Directions:
Write out each line below precisely, passing over the pictures.

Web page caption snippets

· · · · · · ·

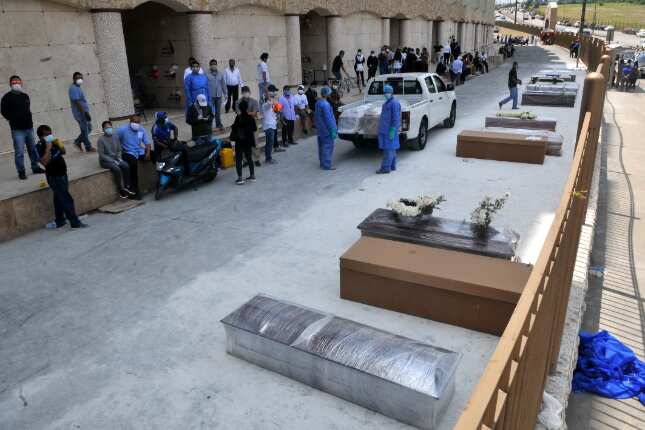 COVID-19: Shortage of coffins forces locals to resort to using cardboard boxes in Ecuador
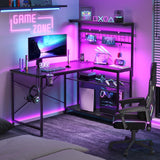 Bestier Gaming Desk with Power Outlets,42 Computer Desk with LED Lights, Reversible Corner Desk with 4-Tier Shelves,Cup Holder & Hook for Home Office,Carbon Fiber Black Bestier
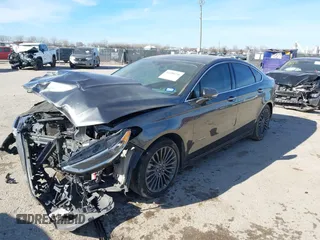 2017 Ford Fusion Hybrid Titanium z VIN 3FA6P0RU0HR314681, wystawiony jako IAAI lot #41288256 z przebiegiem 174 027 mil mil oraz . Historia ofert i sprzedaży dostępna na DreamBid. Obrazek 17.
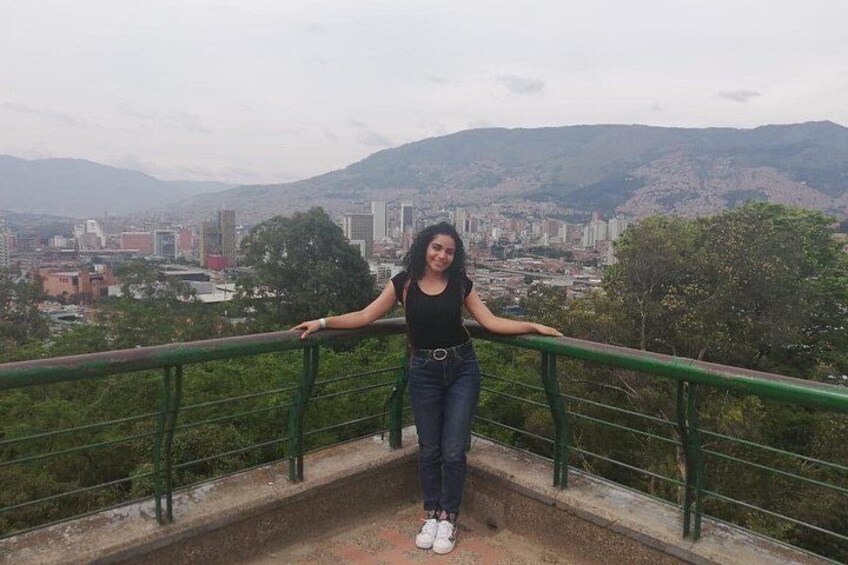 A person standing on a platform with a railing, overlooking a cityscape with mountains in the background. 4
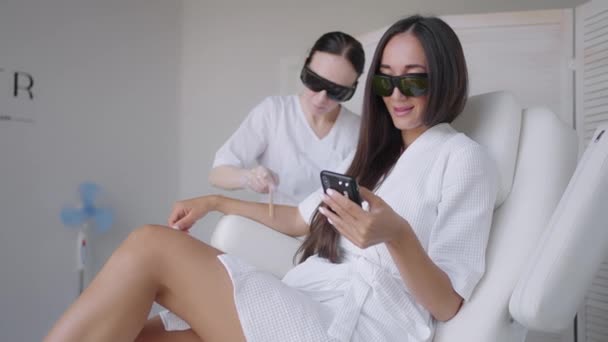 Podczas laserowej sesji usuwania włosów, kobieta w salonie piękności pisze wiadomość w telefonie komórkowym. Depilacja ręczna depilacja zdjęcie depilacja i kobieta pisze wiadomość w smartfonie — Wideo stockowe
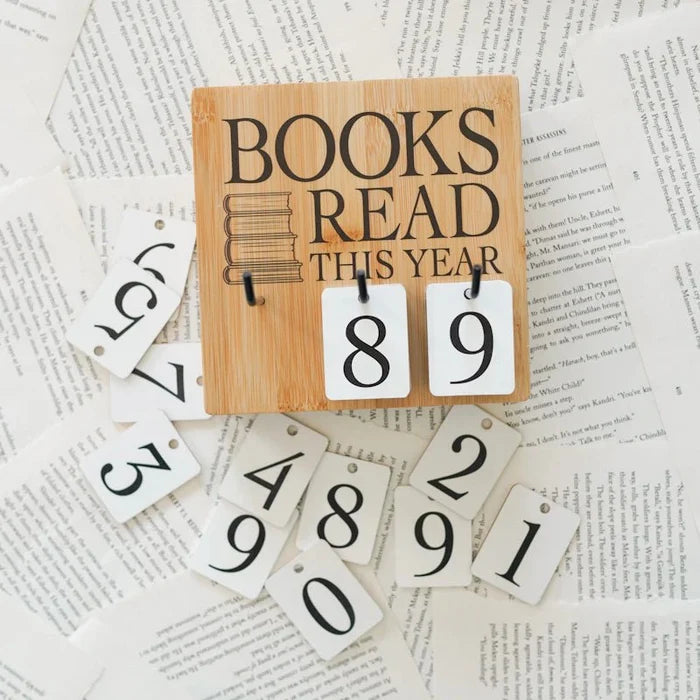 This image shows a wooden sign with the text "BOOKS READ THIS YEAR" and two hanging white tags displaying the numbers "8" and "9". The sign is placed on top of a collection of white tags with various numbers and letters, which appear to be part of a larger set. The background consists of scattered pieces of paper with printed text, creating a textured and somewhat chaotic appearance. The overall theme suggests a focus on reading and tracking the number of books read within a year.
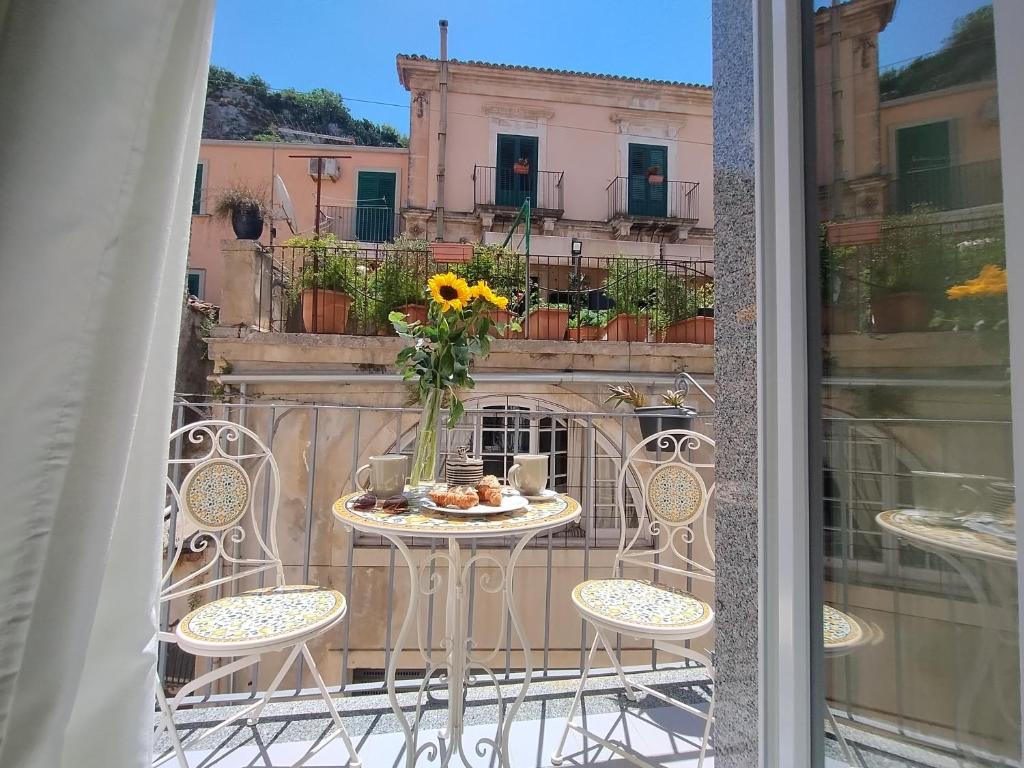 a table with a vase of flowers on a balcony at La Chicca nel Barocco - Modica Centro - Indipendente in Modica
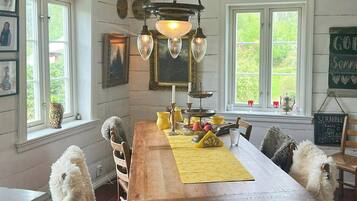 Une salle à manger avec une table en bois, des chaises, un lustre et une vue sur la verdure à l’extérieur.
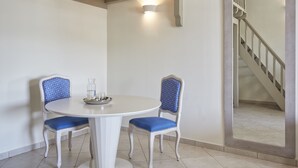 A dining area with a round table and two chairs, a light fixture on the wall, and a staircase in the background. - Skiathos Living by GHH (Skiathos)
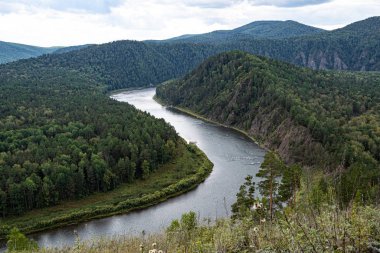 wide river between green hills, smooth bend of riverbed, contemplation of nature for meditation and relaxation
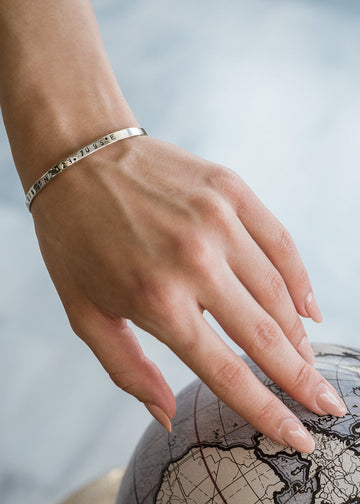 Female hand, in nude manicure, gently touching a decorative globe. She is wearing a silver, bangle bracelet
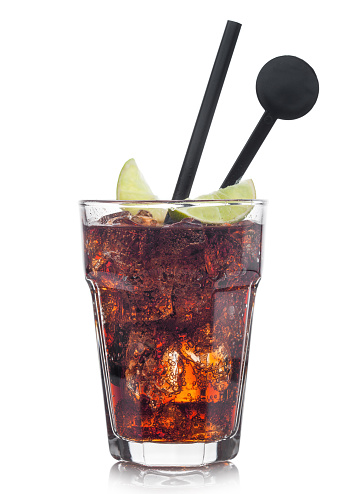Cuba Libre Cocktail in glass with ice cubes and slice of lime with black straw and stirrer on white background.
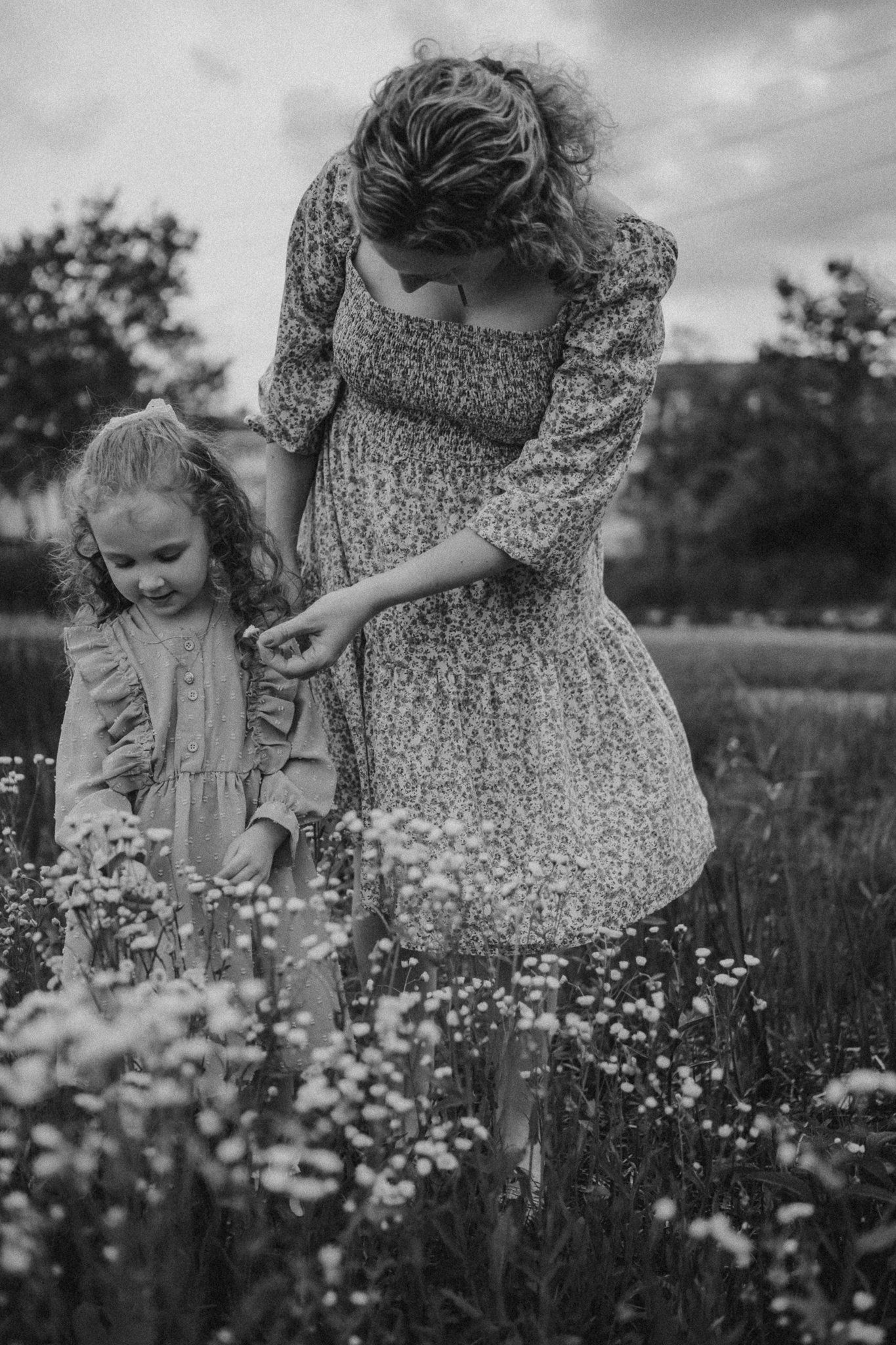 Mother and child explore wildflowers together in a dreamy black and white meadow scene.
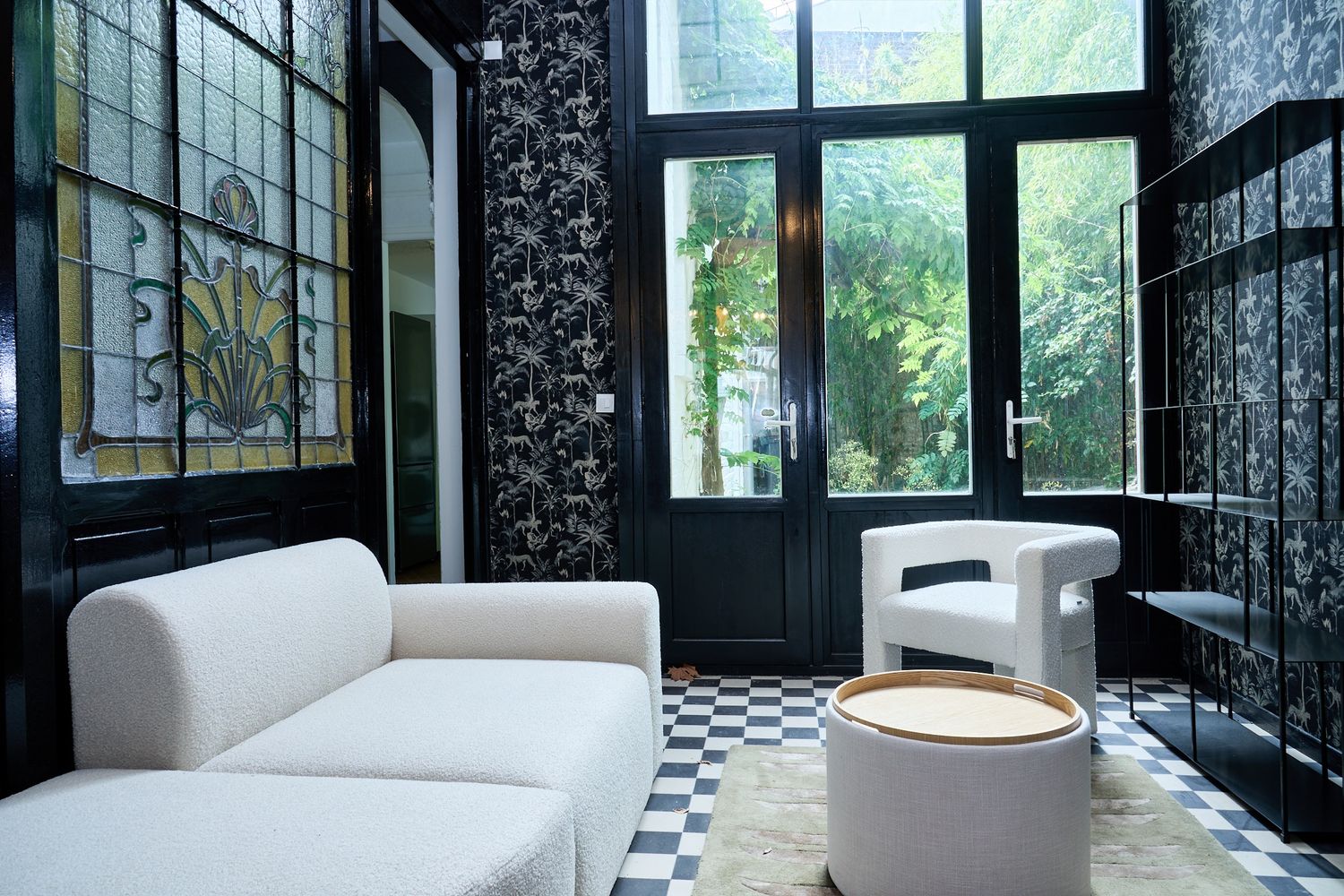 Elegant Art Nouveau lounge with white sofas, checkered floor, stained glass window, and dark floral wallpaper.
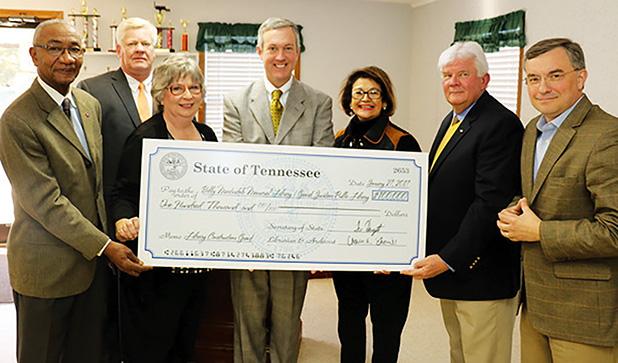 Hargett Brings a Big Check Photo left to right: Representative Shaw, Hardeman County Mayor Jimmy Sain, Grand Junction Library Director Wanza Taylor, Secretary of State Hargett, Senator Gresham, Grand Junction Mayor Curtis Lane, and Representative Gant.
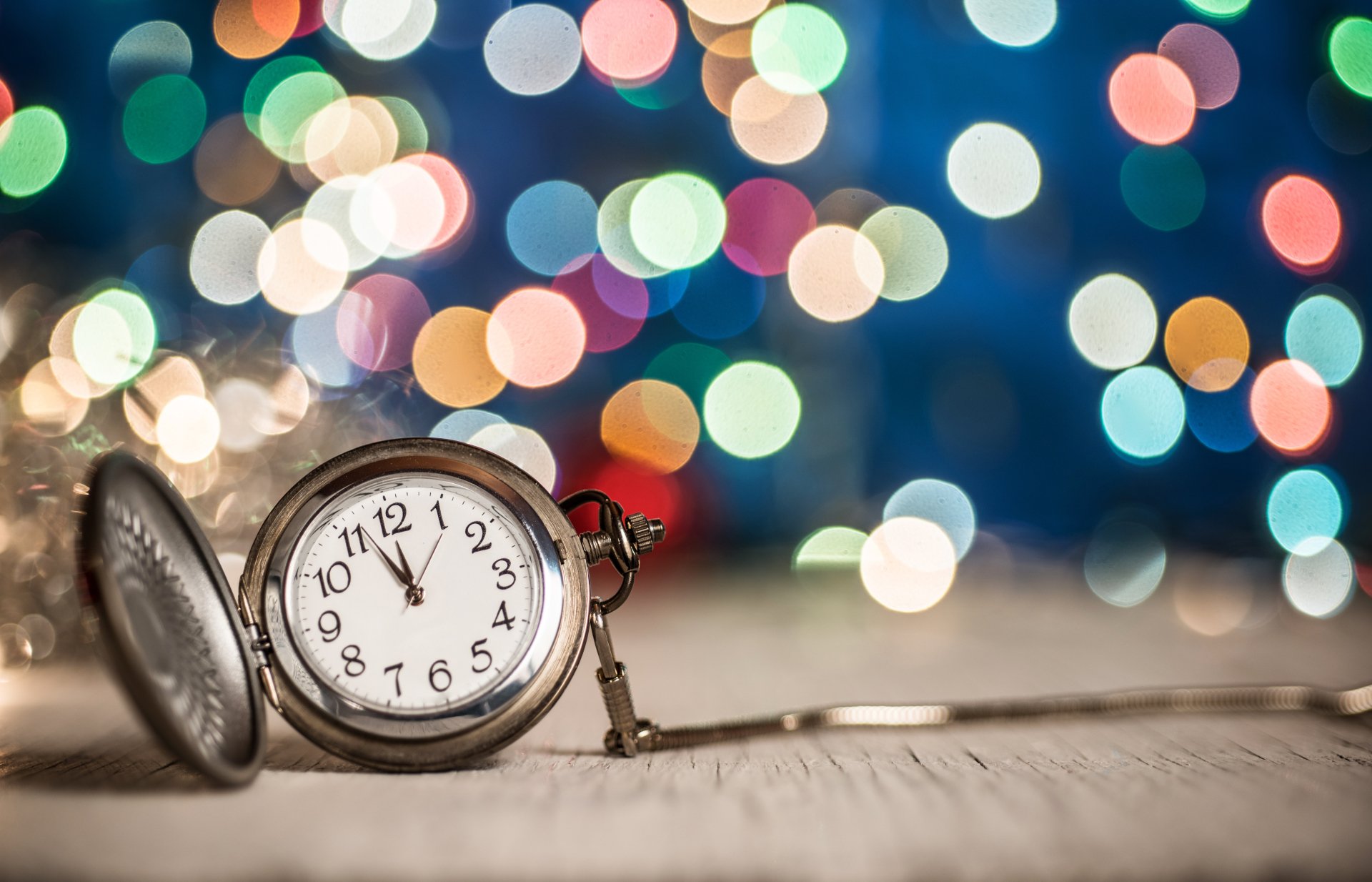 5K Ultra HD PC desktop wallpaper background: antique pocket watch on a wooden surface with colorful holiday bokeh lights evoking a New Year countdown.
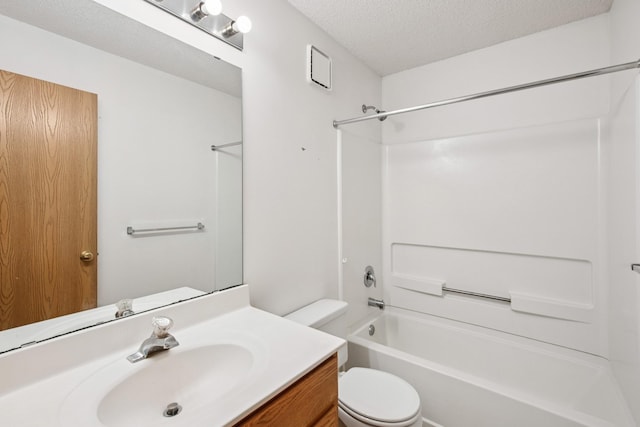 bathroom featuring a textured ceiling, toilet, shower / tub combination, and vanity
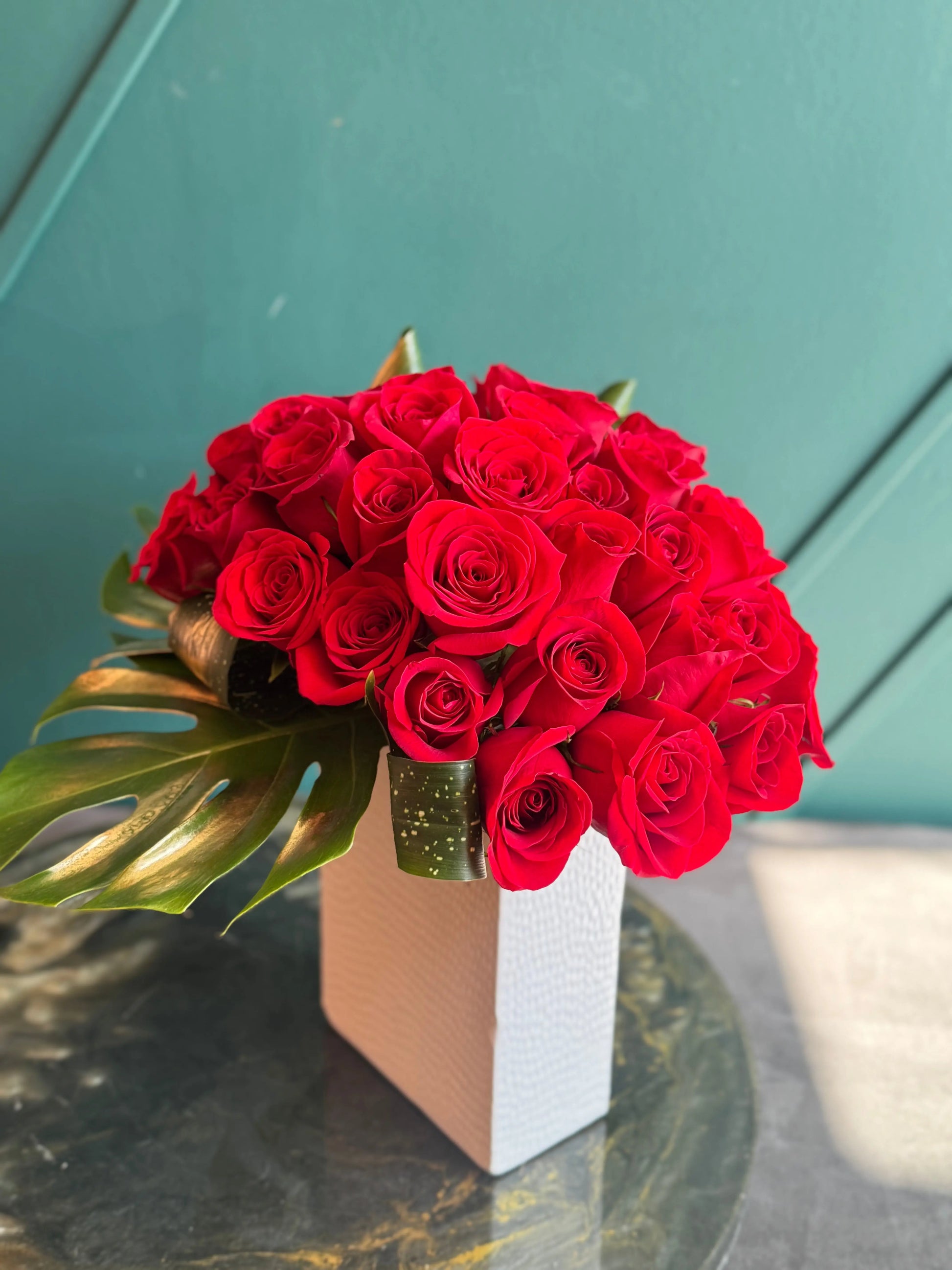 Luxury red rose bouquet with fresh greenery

· · · · · · ·

Solved exercise:
 COVID-19: Shortage of coffins forces locals to resort to using cardboard boxes in Ecuador
 Bestier Gaming Desk with Power Outlets,42 Computer Desk with LED Lights, Reversible Corner Desk with 4-Tier Shelves,Cup Holder & Hook for Home Office,Carbon Fiber Black Bestier
 2017 Ford Fusion Hybrid Titanium z VIN 3FA6P0RU0HR314681, wystawiony jako IAAI lot #41288256 z przebiegiem 174 027 mil mil oraz . Historia ofert i sprzedaży dostępna na DreamBid. Obrazek 17.
 A person standing on a platform with a railing, overlooking a cityscape with mountains in the background. 4
 Podczas laserowej sesji usuwania włosów, kobieta w salonie piękności pisze wiadomość w telefonie komórkowym. Depilacja ręczna depilacja zdjęcie depilacja i kobieta pisze wiadomość w smartfonie — Wideo stockowe
 This image shows a wooden sign with the text "BOOKS READ THIS YEAR" and two hanging white tags displaying the numbers "8" and "9". The sign is placed on top of a collection of white tags with various numbers and letters, which appear to be part of a larger set. The background consists of scattered pieces of paper with printed text, creating a textured and somewhat chaotic appearance. The overall theme suggests a focus on reading and tracking the number of books read within a year.
 a table with a vase of flowers on a balcony at La Chicca nel Barocco - Modica Centro - Indipendente in Modica
 Une salle à manger avec une table en bois, des chaises, un lustre et une vue sur la verdure à l’extérieur.
 A dining area with a round table and two chairs, a light fixture on the wall, and a staircase in the background. - Skiathos Living by GHH (Skiathos)
 wide river between green hills, smooth bend of riverbed, contemplation of nature for meditation and relaxation
 Female hand, in nude manicure, gently touching a decorative globe. She is wearing a silver, bangle bracelet
Cuba Libre Cocktail in glass with ice cubes and slice of lime with black straw and stirrer on white background.
 Mother and child explore wildflowers together in a dreamy black and white meadow scene.
 Elegant Art Nouveau lounge with white sofas, checkered floor, stained glass window, and dark floral wallpaper.
 Hargett Brings a Big Check Photo left to right: Representative Shaw, Hardeman County Mayor Jimmy Sain, Grand Junction Library Director Wanza Taylor, Secretary of State Hargett, Senator Gresham, Grand Junction Mayor Curtis Lane, and Representative Gant.
 5K Ultra HD PC desktop wallpaper background: antique pocket watch on a wooden surface with colorful holiday bokeh lights evoking a New Year countdown.
 bathroom featuring a textured ceiling, toilet, shower / tub combination, and vanity
 Luxury red rose bouquet with fresh greenery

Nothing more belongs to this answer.